Film score by Kris Bowers
- Released: May 15, 2026
- Genre: Film score
- Length: 24:22
- Labels: Hollywood; Marvel Music;

Kris Bowers chronology
| Goat (2026) | The Punisher: One Last Kill (Original Soundtrack) (2026) | Spider-Noir (2026) |

= The Punisher: One Last Kill (soundtrack) =

2026 soundtrack album

The Punisher: One Last Kill (Original Soundtrack) is the film score to the Marvel Studios television special The Punisher: One Last Kill, composed by Kris Bowers.

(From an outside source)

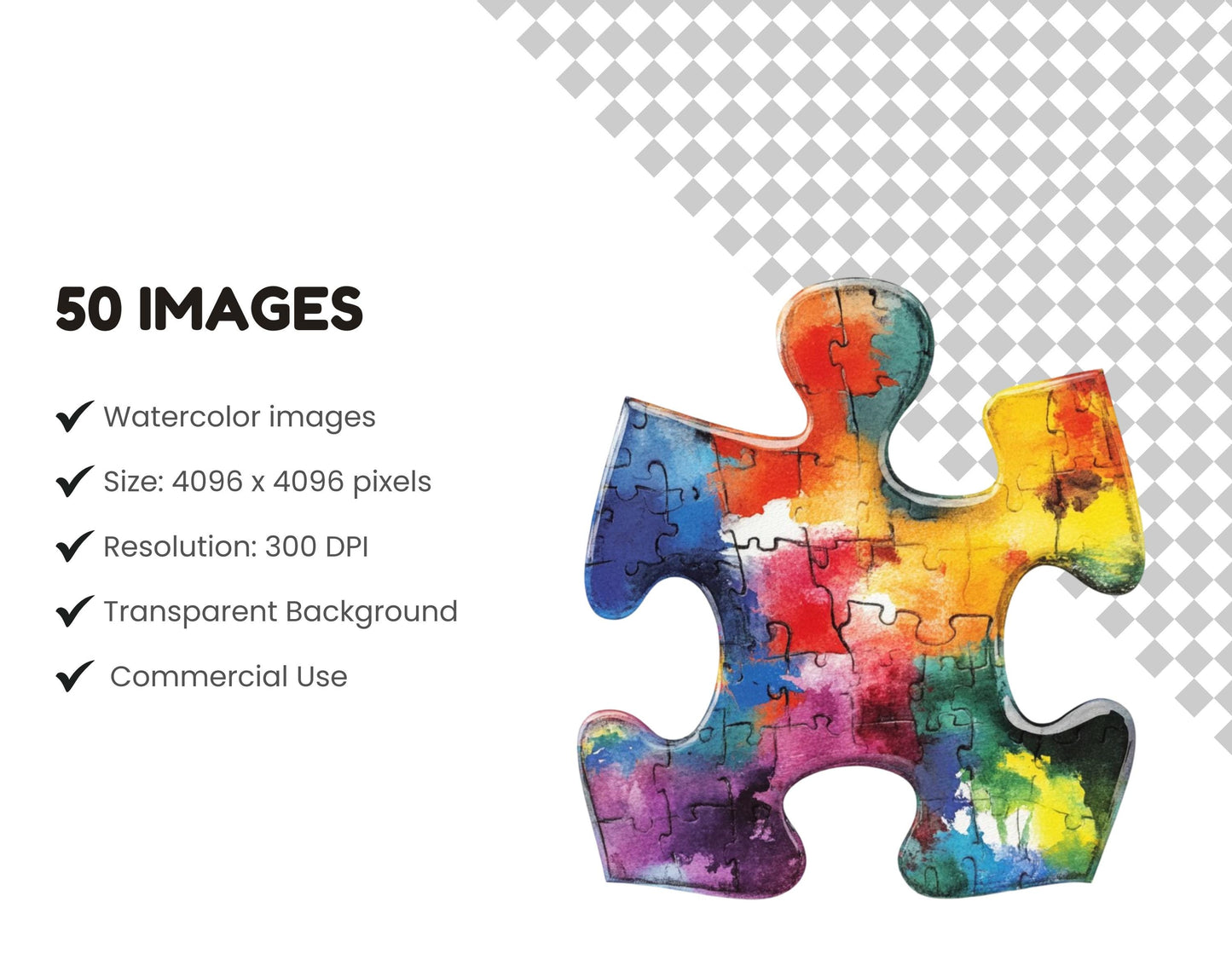 Watercolor Autism Awareness Clipart Bundle, Colorful Puzzle Piece Autism Awareness png, Autism Puzzle Heart Clipart, Autism Awareness Bundle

The soundtrack album was released by Hollywood Records and Marvel Music on May 15, 2026.

== Development ==
Director Reinaldo Marcus Green's frequent collaborator Kris Bowers was revealed to be composing the score for One Last Kill in April 2026. Bowers previously scored the MCU miniseries Secret Invasion (2023). The score album was digitally released on May 15.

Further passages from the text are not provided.